こんにちは。どうも僕です。今回は或る雑誌についてまとめます。それは『群像 2014年 11月号』の「批評とは何か」です。 

もともと2015年に出そうと思っていましたが、そのためにコピーしていました。ここには私が気になった箇所を羅列したいと思います。

群像 2014年 11月号 [雑誌]

群像 2014年 11月号 [雑誌]

 

 

 

 

はじめに 

群像という雑誌があり、そこには2015年から「群像新人評論賞」というものがある。そこに2015年から出そうと思っていた。が、訳あって提出はしていない*1。翌年(2016年)も結局提出せず、今年(2017年)はロシアにいたため提出できなかった。来年(2018年)もしかしたら提出するかもしれない。だがその内容はこれまで考えていたテーマではなく、全く別の哲学的なものにする...予定。

 

評論の条件には次のようなことが書いてある。

応募作品は未発表の評論に限る。卒業論文、同人雑誌発表作、他の新人賞への応募作品、ネット上で発表した作品等は対象外とする。

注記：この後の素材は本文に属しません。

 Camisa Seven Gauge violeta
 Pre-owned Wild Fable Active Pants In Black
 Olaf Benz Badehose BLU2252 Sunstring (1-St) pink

したがって、翌年に出すかもしれない論文はここには書かないと思う。 

 

そこで、論文を提出する前に、審査員たち(大澤真幸、熊野、鷲田)がどのような論文を期待しているのか調べる必要がある。もちろんこれは彼らに迎合するためにではない。しかし、提出するならば出来るだけ受賞できるように工夫しなければならない。その工夫の一つがまず相手がどのようなことを考えているのか、どのようなことを期待しているのかを知らなくてはならない。それに、戦いを挑むならば頂点を目指さなくてはならない。喩えて言えば、大学受験で言うところの傾向と対策である。また、もし彼らが好意的に評価する論文の傾向が見えたならば、その逆をやれば、特異に見えるかもしれない。さらにこの秋に次の新人評論賞の発表があるから、そこで大賞の人が出てほしいなとも思う。二年間も受賞者なしだと、その賞の価値がぐんと上がっているから、どのような内容なのかなと期待している。
 

 

以下では『群像 2014年 11月号』の特集「批評とは何か」をまとめる。気になったところを箇条書きする。

 

Section: 批評をめぐる日本固有の状況pp.88-90

  • 熊野

審査員の一人の熊野のキーワードは「作品」である。応募者には「作品」を期待しているとのことである。 「作品」とは、要は......

 

熊野
p.89: それは例えば、こういうことです。親しい同僚の社会心理学者が「私のやっていることは、あんたらと違っておサイエンスですもん」と言うんです。その人はもちろん冗談と挑発を込めてそう言っている。僕も挑発と冗談を込めて「そんなくだらないことをやっているのか」と言い返すんですが。


pp.89-90: (続き)
(改行): つまり、この間のSTAP細胞の騒ぎなどを見て人々が改めて認識したように、サイエンスというのは、誰がやっても同じ結果が出なきゃいけない。これが規範ですが、哲学を含めて僕らがやっていること、僕らが書いているものは、他人と同じ結論を書いても仕方がないし、同じ素材でも違う結果が必ず出てくる。その意味ではもちろんいわゆるサイエンスじゃない。テキストという拠り所があっても、さまざまに分かれていく。院生たちに言いたいのは、サイエンスという極を一方においた場合、君たちは定型的なサイエンスの論文を書くのではなくて、強いて言えば一個の作品を書くんだ、ということなんです。

 



 

Section: 批評は何のためにあるのかpp.90-95

  • 大澤

審査員の一人である大澤は批評とは考えるためにあると言う。 

大澤
p.90: なぜ批評があるのかというと、はっきり言えば、考えるためだと思う。もともと小説自体、何のために書くのか。おもしろいお話を書いて、みんなにエンターテインメントを提供するという部分もあるかもしれないけども、小説って、人が考えるための様式の一つなんだと思うんです。

 

  • 鷲田

審査員の一人である鷲田のキーワードは「エッセイ(試論)」(p.92)である。この「エッセイ」というのは、「つれづれなるままに...」といった随筆といった意味ではなく、「試論」だったり「試み」といった意味である。 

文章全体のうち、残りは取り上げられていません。